====== AVAILABLE DATA

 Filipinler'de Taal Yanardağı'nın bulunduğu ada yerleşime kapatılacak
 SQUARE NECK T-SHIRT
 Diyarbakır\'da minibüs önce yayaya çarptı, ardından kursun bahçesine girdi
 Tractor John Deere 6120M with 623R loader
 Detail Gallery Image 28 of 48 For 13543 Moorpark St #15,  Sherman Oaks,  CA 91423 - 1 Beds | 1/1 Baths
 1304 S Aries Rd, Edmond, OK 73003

============
====== AVAILABLE DATA

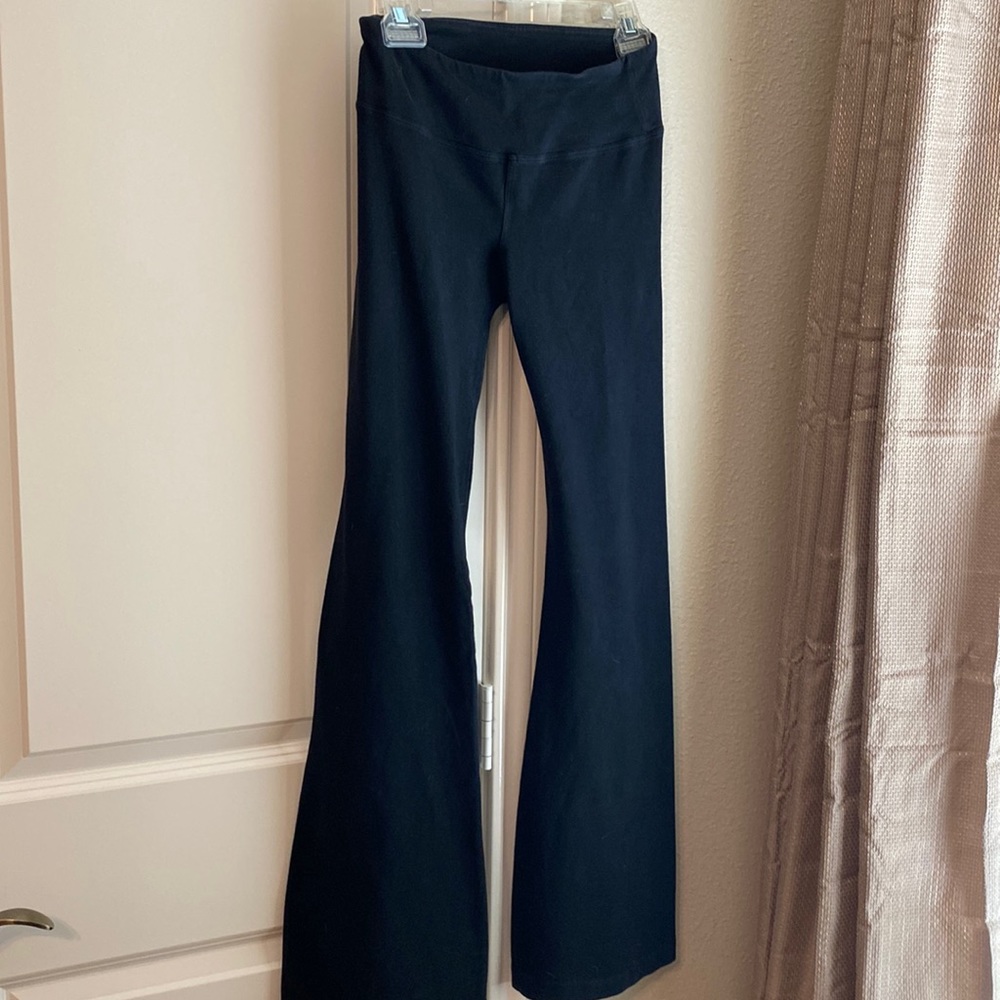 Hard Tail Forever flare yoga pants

============

- **TASK ITEM**: Using the listing above, return word for word each line from the one that has "SQUARE NECK T-SHIRT" through the one that has "1304 S Aries Rd, Edmond, OK 73003", and no line outside that range.

- **EXERCISE RESPONSE**:
 SQUARE NECK T-SHIRT
 Diyarbakır\'da minibüs önce yayaya çarptı, ardından kursun bahçesine girdi
 Tractor John Deere 6120M with 623R loader
 Detail Gallery Image 28 of 48 For 13543 Moorpark St #15,  Sherman Oaks,  CA 91423 - 1 Beds | 1/1 Baths
 1304 S Aries Rd, Edmond, OK 73003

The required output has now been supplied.